Steganographer detection aims to identify guilty users who conceal secret information in a number of images for the purpose of covert communication in social networks. Existing steganographer detection methods focus on designing discriminative features but do not explore relationship between image features or effectively represent users based on features. In these methods, each image is recognized as an equivalent, and each user is regarded as the distribution of all images shared by the corresponding user. However, the nuances of guilty users and innocent users are difficult to recognize with this flattened method. In this paper, the steganographer detection task is formulated as a multiple-instance learning problem in which each user is considered to be a bag, and the shared images are multiple instances in the bag.

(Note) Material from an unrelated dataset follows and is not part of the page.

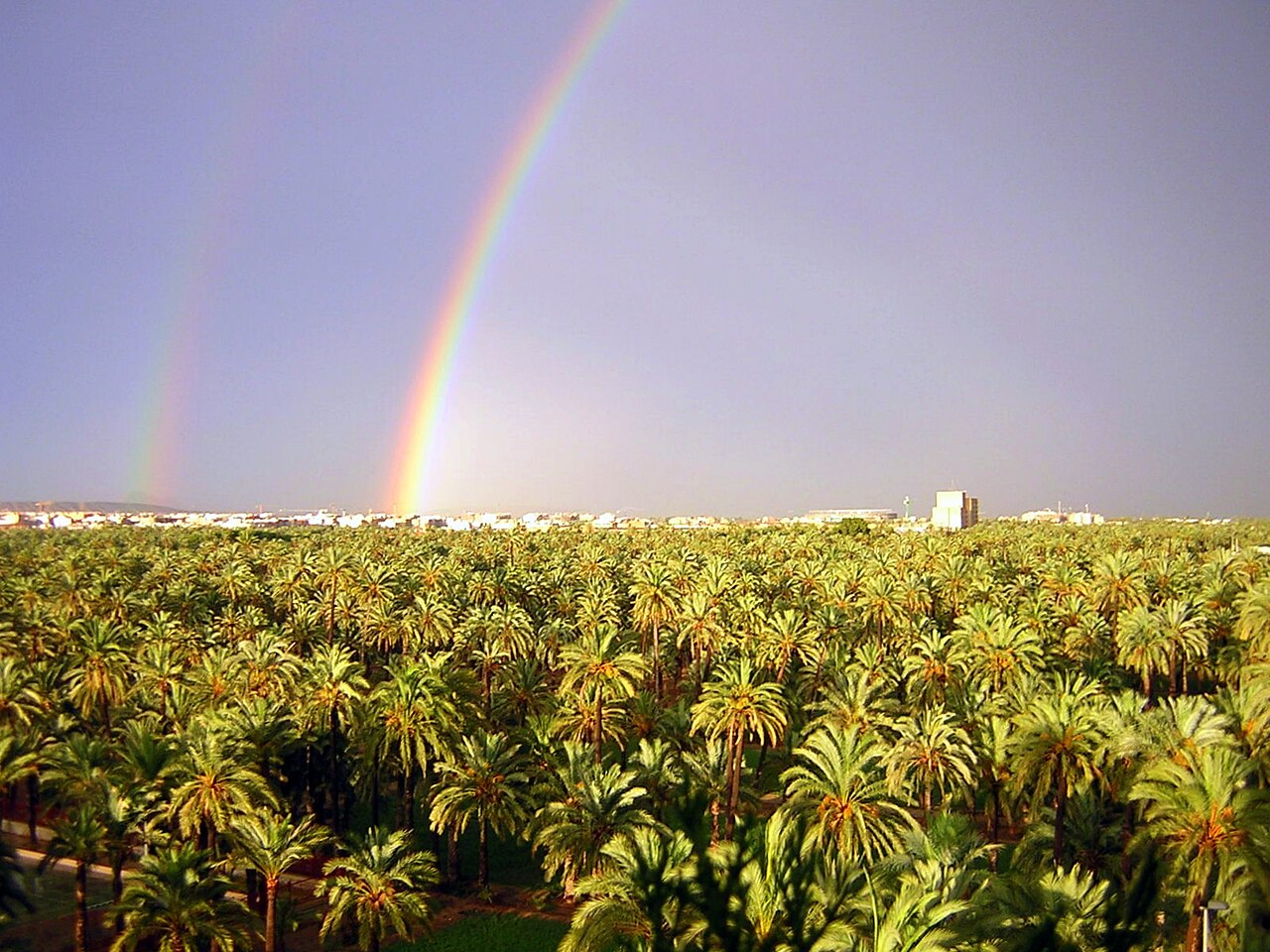 Palmeral de Elche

Specifically, we propose a similarity accumulation graph convolutional network to represent each user as a complete weighted graph, in which each node corresponds to features extracted from an image and the weight of an edge is the similarity between each pair of images. The constructed unit in the network can take advantage of the relationships between instances so that common patterns of positive instances can be enhanced via similarity accumulations. Instead of operating on a fixed original graph, we propose a novel strategy for reconstructing and pooling graphs based on node features to iteratively operate multiple convolutions. This strategy can effectively address oversmoothing problems that render nodes indistinguishable although they share different instance-level labels. Compared with the state-of-the-art method and other representative graph-based models, the proposed framework demonstrates its effectiveness and reliability ability across image domains, even in the context of large-scale social media scenarios. Moreover, the experimental results also indicate that the proposed network can be generalized to other multiple-instance learning problems.

Roadmap

After many rounds of revision, the project code implementation is not elegant. Thus, in order to help the readers to reproduce the experimental results of this paper quickly, we will open-source our study following this roadmap:

  • refactor and open-source all the model files, training files, and test files of the proposed method for comparison experiments.
  • refactor and open-source the visualization experiments.
  • refactor and open-source the APIs for the real-world steganographer detection in an out-of-box fashion.

Quick Start

Dataset and Pre-processing

We use the MDNNSD model to extract a 320-D feature from each image and save the extracted features in different .mat files. You should check ./data/train and ./data/test to confirm you have the dataset ready before experiments. For example, cover.mat and suniward_01.mat should be placed in the ./data/train and ./data/test folders.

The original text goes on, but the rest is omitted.